Sembra quindi che attraverso i secoli e le religioni, in Occidente come in Oriente, le virtù della compassione, del vero amore, della testimonianza della Verità e della morte per essa siano state riconosciute come una vocazione essenzialmente femminile.

Eppure, quando un anno e mezzo fa Darya Dugina, una giovane filosofa che rappresentava al meglio l'Europa, con la sua capacità di fondere la metafisica greca e la tradizione cristiana, è stata brutalmente assassinata in un attentato terroristico, nessun prelato romano l'ha celebrata come paladina della devozione, nessuna femminista indignata ha chiesto sanzioni internazionali per il crimine, nessuna ONG l'ha candidata a un premio per i diritti umani.
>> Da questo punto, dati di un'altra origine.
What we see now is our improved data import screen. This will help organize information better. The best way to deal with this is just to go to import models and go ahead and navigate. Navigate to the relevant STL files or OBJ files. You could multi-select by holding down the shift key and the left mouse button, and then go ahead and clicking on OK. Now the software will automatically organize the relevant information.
Perché? È solo perché Darya era russa e orgogliosa di far parte di una nazione che ha descritto come "capace di compassione ed empatia"? È perché secondo lei, a differenza del concorrente "uomo lupo" occidentale, l'anima russa ha una morbidezza, una mancanza di rigida razionalità, che trasforma in forza, ricollegando il mondo e curandone le ferite?

No, non è così. Nessuno si era preso la briga di ascoltare questa straordinaria filosofa poliglotta, che era anche una donna atletica, elegante, artistica, moderna. Il desiderio di perfezione e di bellezza di Darya e la sua ansia di contemplare l'essenza assoluta della Verità erano semplicemente nascosti dietro l'aspetto di una giovane giornalista. Come tutti i suoi predecessori martiri, era un'ancilla abscondita, una devota serva di Dio protetta dietro un velo di normalità.

Fu solo quando, affrontando l'Impero del Caos, Darya alzò il suo nome Platonova come una bandiera per affermare che essere donna oggi significa scegliere tra due archetipi opposti, che finalmente il nemico si accorse di lei. Perché aveva rivelato la scelta imperativa che attende tutte le donne di oggi. Il confronto mortale e avvincente che avrebbe dovuto rimanere nascosto sotto le questioni di genere e le rimostranze femministe. O lasciarsi sedurre dal modello trionfante di Didone, la regina fenicia che invocò le forze degli inferi per maledire con un rito satanico il suo amante Enea, che non riuscì a distogliere dalla sua missione divina; o di seguire, con enorme rischio, il sacro cammino della Beatrice dantesca, l'Essere Perfetto che conduce il suo uomo oltre i livelli più alti del Paradiso fino alla contemplazione del Trono Santo.